Now she wants those professionals to think about joining her by leaving the rat race to take the plunge into teaching.

Kellaway has co-founded a new charity, Now Teach, to tempt other high-flyers at or near the end of their careers to help address the teacher recruitment crisis by switching to teaching. She will start teaching maths in a “challenging” London secondary school next year.

Inspired by Teach First

Explaining why she set up the charity, she says she was inspired by Teach First, where her daughter trained to be a teacher four years ago.

However, while Teach First offered a new route into the profession for high-performing graduates, there didn’t seem to be a similar gateway for people reaching the end of their career.

“It seems to me there is no organisation that is thinking specifically about their needs in terms of support…in terms of marketing, selection, the whole thing. That’s what we’re trying to do.”

From the response that Now Teach has received since it was launched, she is confident that there is a pool of candidates out there to be supported.

“It’s tapped into a real theme of, I think, disaffection among older people who have been doing corporate jobs,” she says.

‘I think we have a sort of resilience that comes with age’

Kellaway argues that there are a number of things late career professionals can bring to the classroom that others might not be able to offer.

They have “a deep knowledge of the outside world”, she says. “The stories you can tell kids about the world are very different to those you might have if you’ve been a teacher all your life.”

Contacts are another plus. “If you’ve been quite successful in something else, you can pick up the phone and arrange things for the kids: speakers, work experience.”

On the question of whether career switchers could improve leadership, Kellaway stresses that her recruits will not be lecturing experienced teachers on how to do their jobs.

“We’re being very, very clear that if anybody thinks that they can march into school on day one and say ‘oh, this isn’t being very well run’, then they’ve just got another thing coming.

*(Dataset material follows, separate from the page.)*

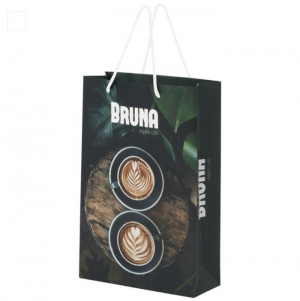 Saco de papel integra feito � m�o com al�as de corda pl�stica � 24 x 9 x 36 cm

“But equally, anybody who has earned the respect of the other teachers by learning how to be a teacher themselves…their additional leadership [skills] could be very significant in some of the schools.”

The barrier of teacher pay

As far as potential barriers to the success of Now Teach are concerned, she accepts that first-year teacher salaries could be too low for some experienced professionals used to more generous pay packets.

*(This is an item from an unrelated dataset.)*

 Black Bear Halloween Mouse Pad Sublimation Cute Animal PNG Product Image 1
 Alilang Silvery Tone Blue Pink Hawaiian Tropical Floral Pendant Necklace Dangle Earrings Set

But the journalist argues that her generation could be insulated from the impact by their property ownership.

“It’s my feeling that the late-stage career changers may be better placed to take a very large pay cut than the early mid-career changers, because my generation got into housing when that was affordable.”

As to whether Now Teach is a good use of resources - given that many of the career changers will be approaching retirement age and might not be in the profession for very long - Kellaway is bullish.

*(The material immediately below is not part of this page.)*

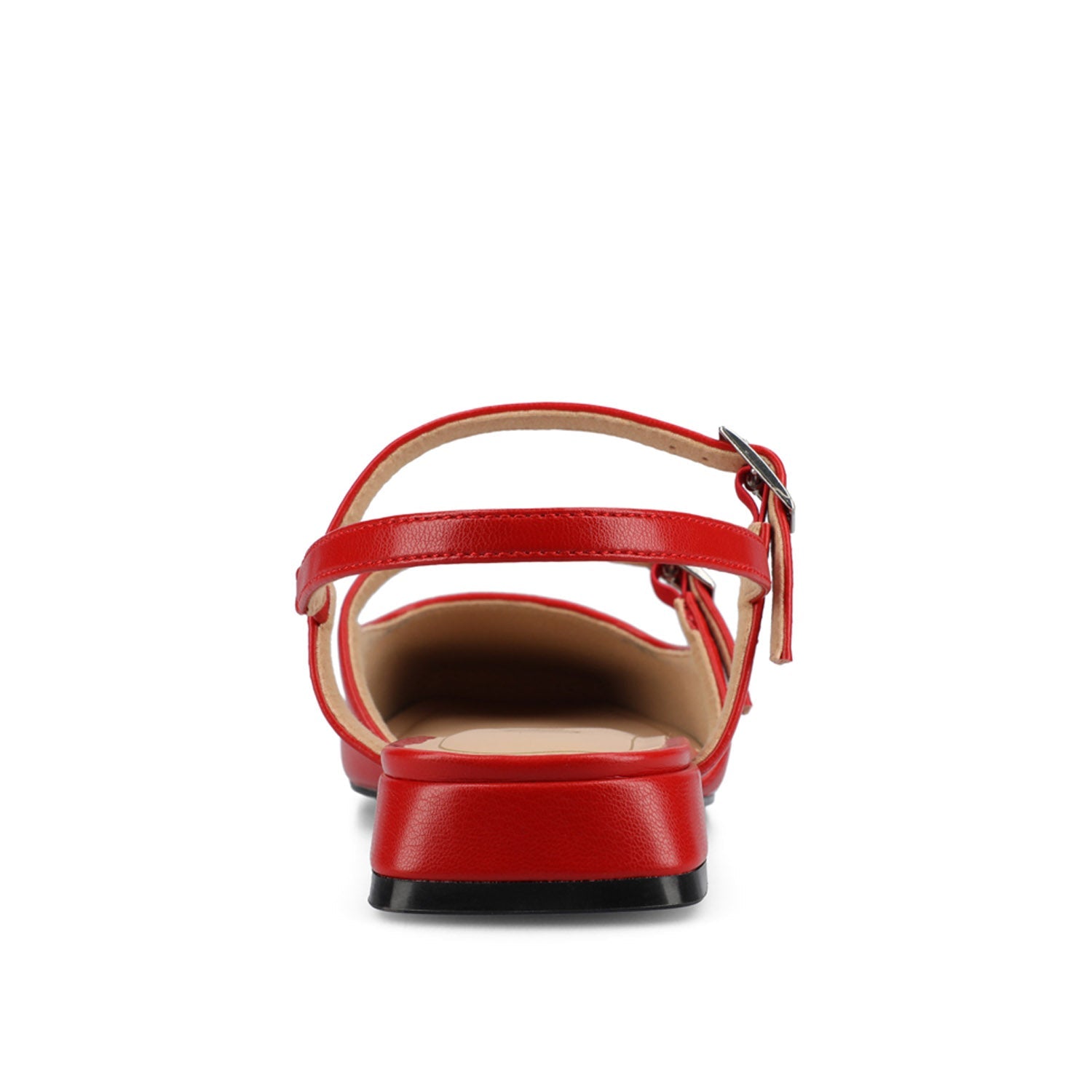GRETCHENN HEELED FLATS IN VEGAN LEATHER IN WIDE - Red PU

She argues that teachers are already getting “very burned out” and leaving the profession early and young. Her generation will be able to “at least match the average” career duration for teaching, she claims.

“I understand that the average length of time that anybody spends in the teaching profession is only five years. I’m going to be 58 when I start - that takes me up to 63 and I’ll already be matching the average.”

Asked whether she’s ready for what awaits her in the classroom, Kellaway admits “I don’t think you’re ever fully prepared”.

However, she thinks that those who are coming to the end of their careers have often acquired a certain resilience.

“There are different sorts of stresses that we have learned to deal with. I’m not saying that they’re worse than being a teacher - they’re different.

“But I think that we have a sort of resilience that comes with age - at least, I’m hoping that’s true because I’ll certainly need it.”